As president of the Foundation and as someone who has spent a career thinking about and advancing how institutions serve people, I've come to appreciate that the real measure isn't the size of the investment. It's the quality of the relationship.
One of the tenets of the T. Rowe Price Foundation is listening. We let what we hear shift what we do. This community-informed approach recognizes that the people closest to the work are best positioned to shape how resources are used and solutions are implemented.

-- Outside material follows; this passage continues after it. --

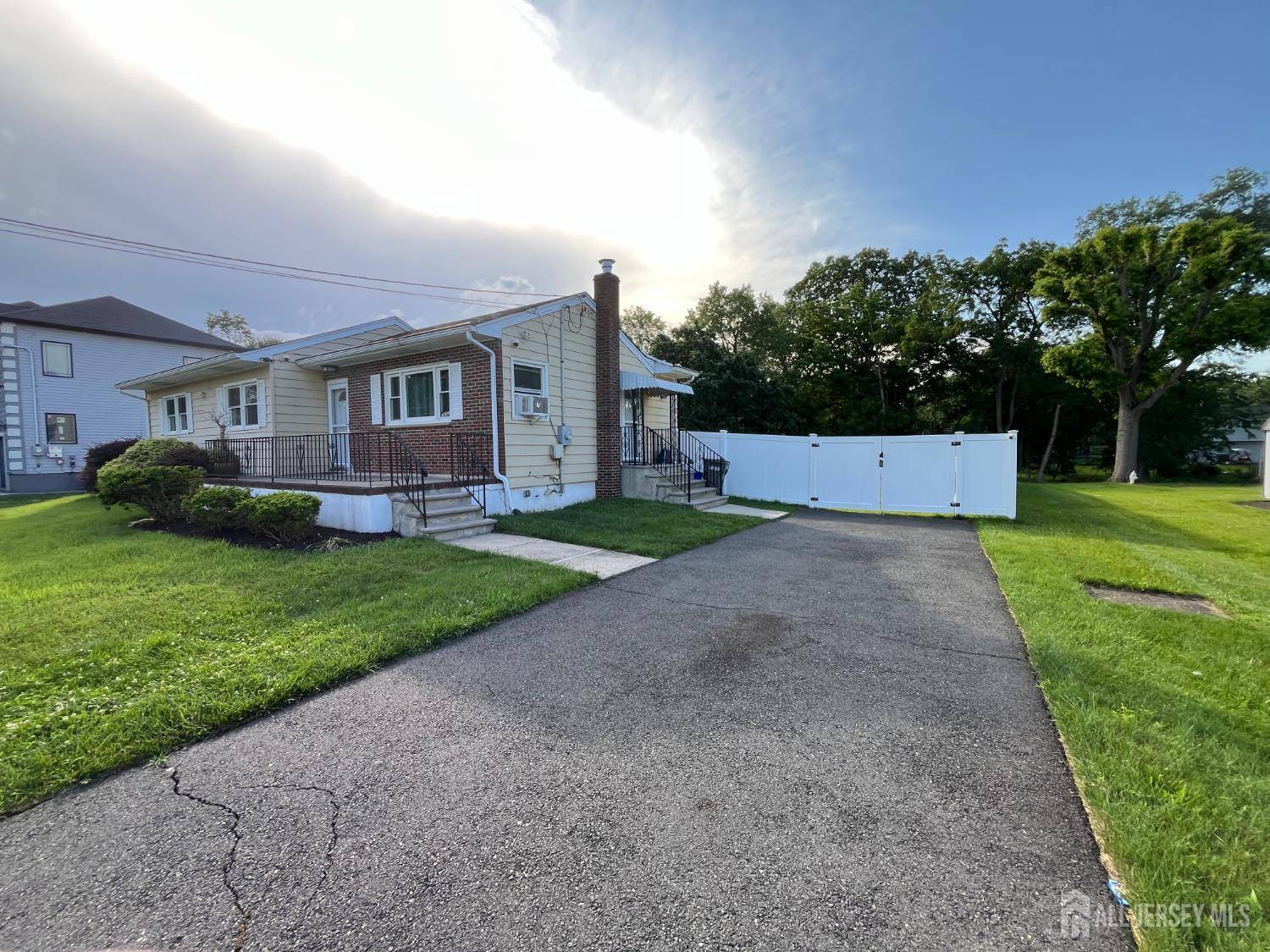 Piscataway, NJ 08854,417 Lodge ST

In 2015, our principles were put to the test following the murder of Freddie Gray. We chose to listen. The Foundation team attended nearly 150 community discussions. They asked questions. They took notes. And from those conversations came the Foundation's first place-based investment: a multiyear commitment to West Baltimore that focused on leadership, capacity, and financial empowerment.
That wasn't a response. It was part of a movement.
In the finance industry, we talk about compounding, the way consistent contributions grow over years. The same principle holds in community work.
Our Capacity Building Program is a good example. Since 2016, it has engaged more than 13,000 individuals from nonprofit organizations across Baltimore. The program walks alongside leaders, helping them strengthen their organizations from the inside out. It's not flashy or fast, but over time, it builds something durable.
DesignFest, our partnership with the Maryland Institute College of Art and the Neighborhood Design Center, is another. It connects pro bono designers and marketers with nonprofits that need help telling their story. More than 100 organizations have received in-kind creative support. For a small nonprofit trying to reach the people they serve, that kind of help can shift everything.
And Money Confident Kids, our global financial literacy program, now reaches families in the U.S., the UK, Australia, and Japan. Financial literacy is one of the most powerful tools we can put in a young person's hands. When they understand how money works, they start to see different possibilities for their lives.
These programs and partnerships grew out of conversations with communities, T. Rowe Price associates, and clients about what was needed. And they endure because we stayed long enough to see them through.
Beyond our programs, last year, well over 400 of our associates served on nonprofit boards across the country. Forty percent of our global workforce donated or volunteered. Our associates logged more than 37,000 hours of volunteer service supporting nonprofit organizations.
That's not a program. It's ingrained in our culture. Our associates show up because they understand that their presence matters. And that understanding, passed along from one associate to the next, is part of our firm's culture and legacy.
Throughout our history, we've seen neighborhoods change and young people grow into leaders. This work hasn't gotten easier, only deeper and more focused.
The most meaningful investments don't always look like investments at the start. Sometimes it's a conversation. A convening. A workshop. A mentor sitting with a young person. A designer helping a nonprofit find its voice.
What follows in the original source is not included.